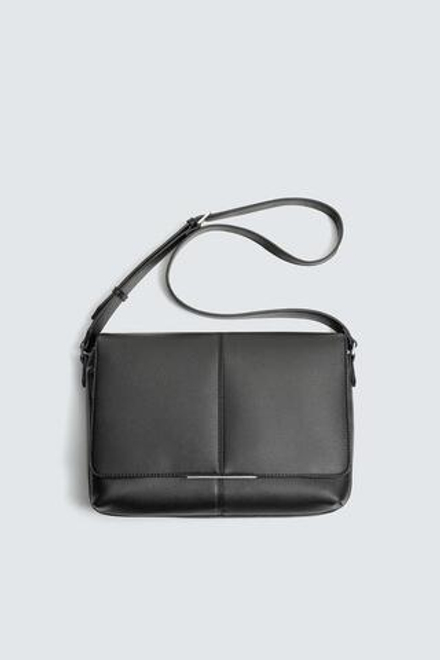 ZARA СУМКА С КЛАПАНОМ, ЧЕРНЫЙ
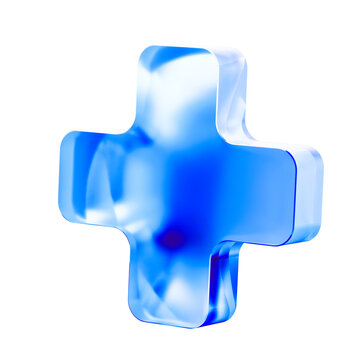 3D plus icon isolated on transparent background concept of addition mathematics sign Transparent Liquid Glass icon 3D rendering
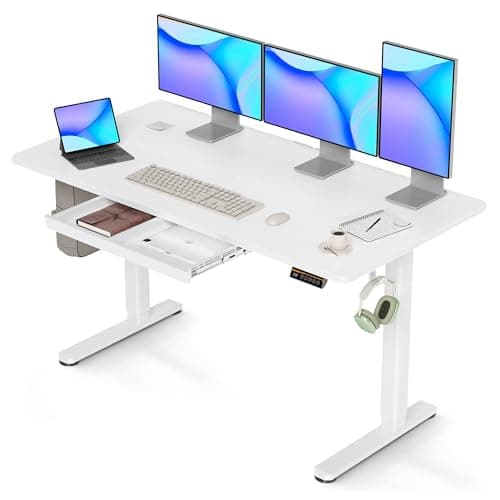 Image of Claiks Standing Desk with Drawer, 140x60cm Electric Height Adjustable Desk with 3 Memory Presets, Ergonomic Home Office Desk with Storage & Cable Management, White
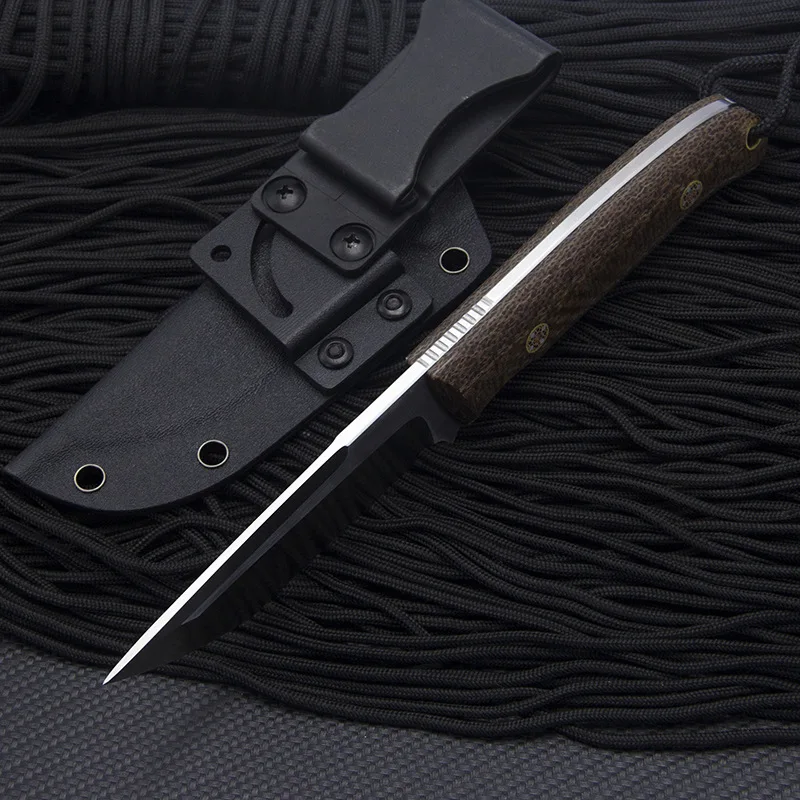 Многофункциональный нож GT0157 ручной работы стальной фиксированный D2 сатиновый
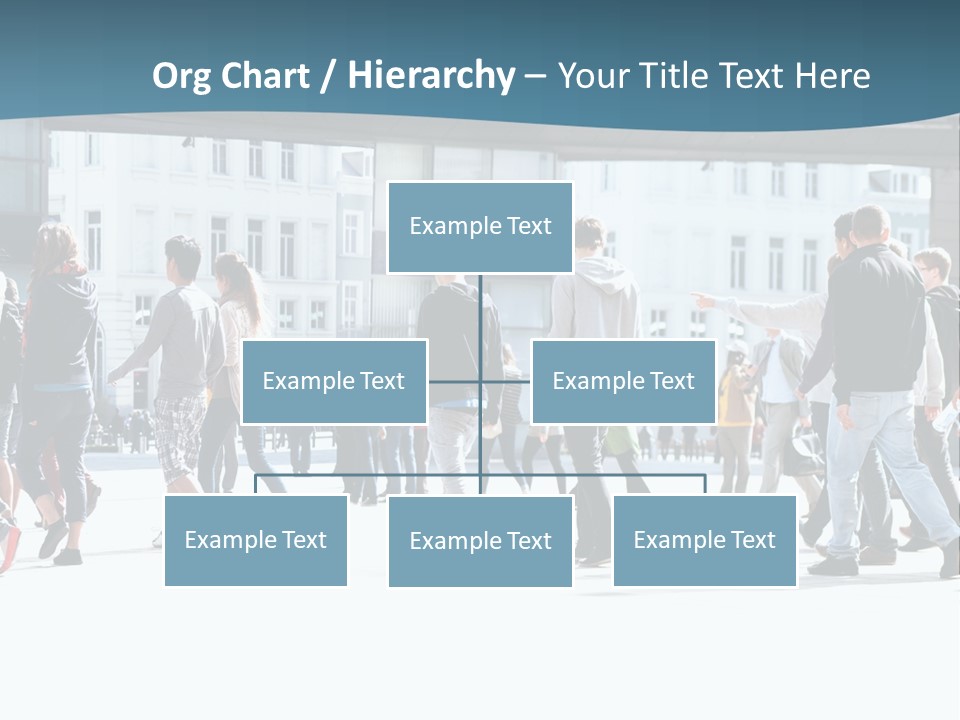 A Group Of People Walking Down A Street PowerPoint Template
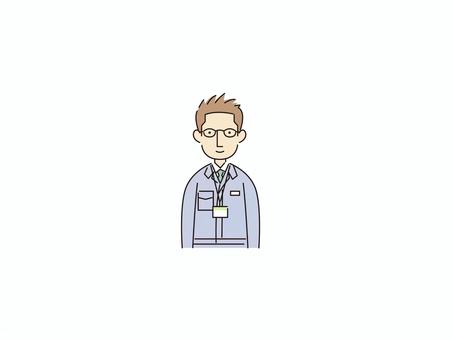 正面を向く男性事務員 正面,通常,普通,カラー,男性事務員,事務員のイラスト素材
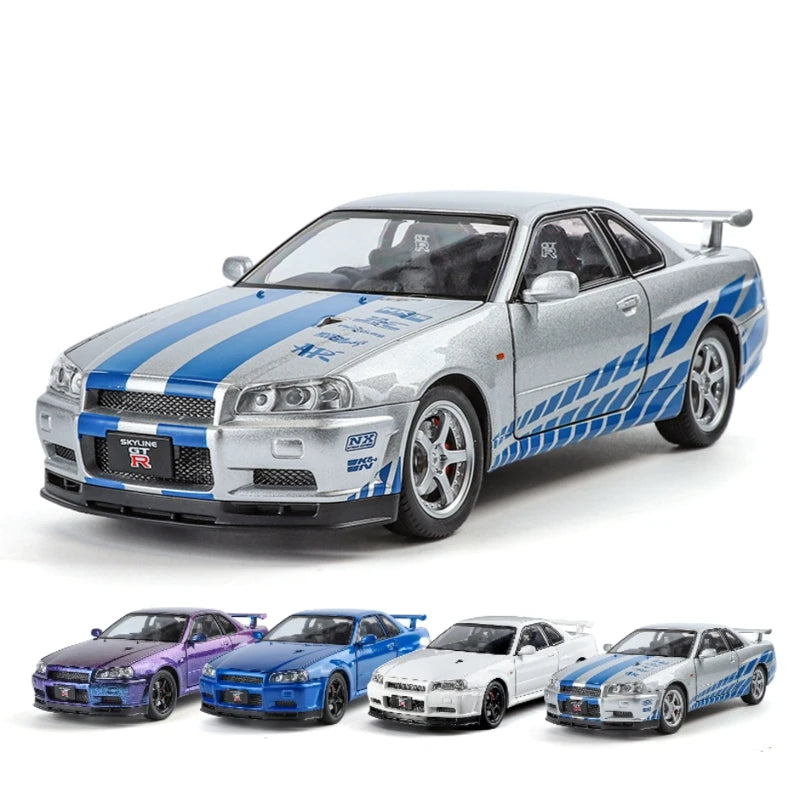 SKYLINE NISSAN GTR R34 1:24 DIECAST METAL TOY CAR (MULTICOLOUR:- WHITE, SILVER, BLUE, PURPLE )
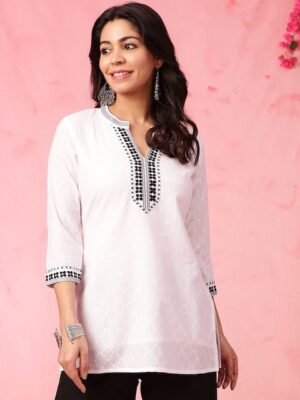 Anouk White Woven Design Thread Work Mandarin Collar Pure Cotton Straight Kurti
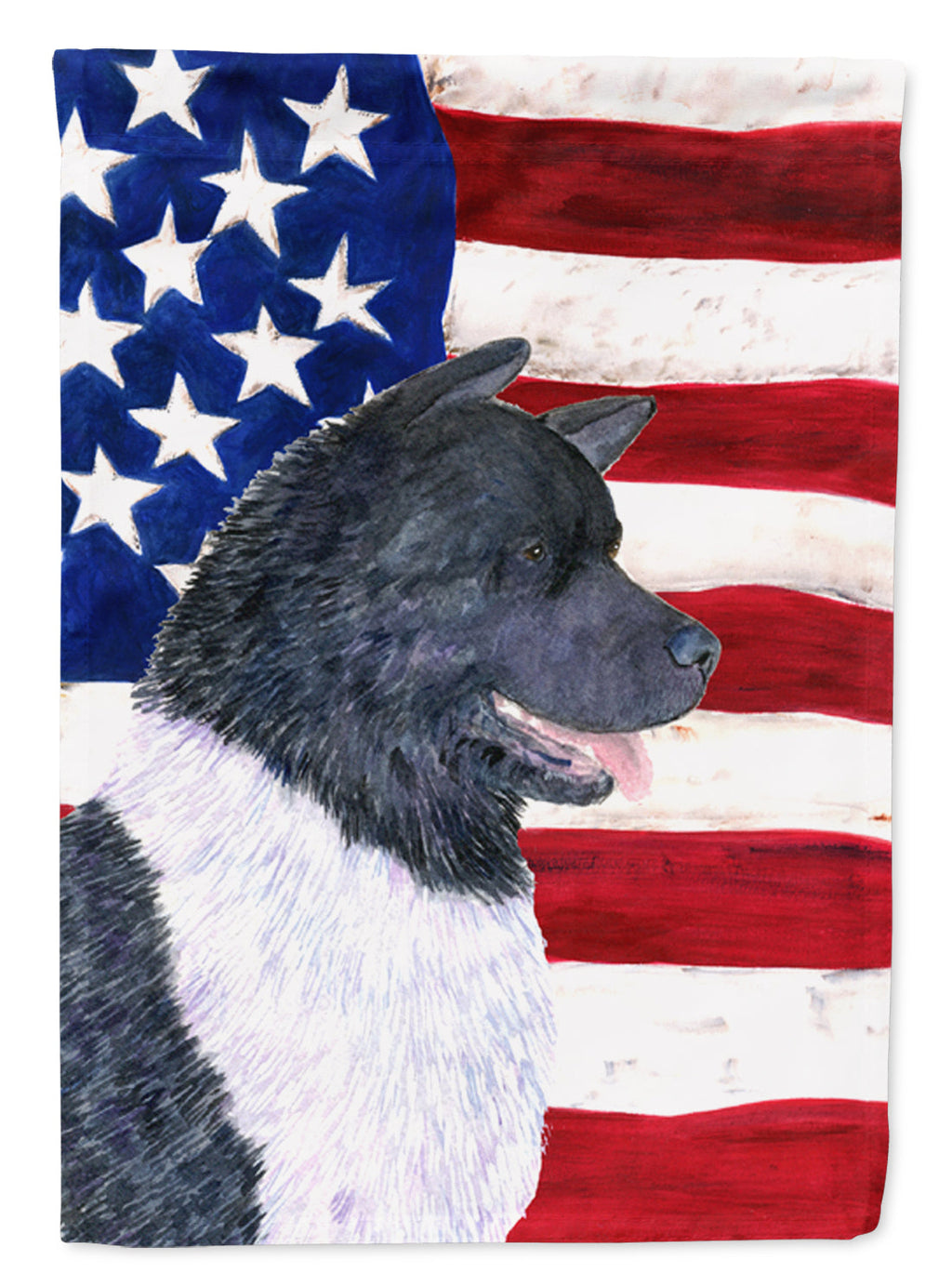 USA American Flag with Akita Garden Flag Mailbox Decorative Yard Banner Outside Patio Artwork for Flower Beds, Garden Size, Multicolor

* [TASK DIRECTIONS] After locating the line with "Image of Claiks", transcribe it and the rest of the data above exactly as written, without any picture.

* [PROBLEM SOLUTION]
 Image of Claiks Standing Desk with Drawer, 140x60cm Electric Height Adjustable Desk with 3 Memory Presets, Ergonomic Home Office Desk with Storage & Cable Management, White
 Многофункциональный нож GT0157 ручной работы стальной фиксированный D2 сатиновый
 A Group Of People Walking Down A Street PowerPoint Template
 正面を向く男性事務員 正面,通常,普通,カラー,男性事務員,事務員のイラスト素材
 SKYLINE NISSAN GTR R34 1:24 DIECAST METAL TOY CAR (MULTICOLOUR:- WHITE, SILVER, BLUE, PURPLE )
 Anouk White Woven Design Thread Work Mandarin Collar Pure Cotton Straight Kurti
 USA American Flag with Akita Garden Flag Mailbox Decorative Yard Banner Outside Patio Artwork for Flower Beds, Garden Size, Multicolor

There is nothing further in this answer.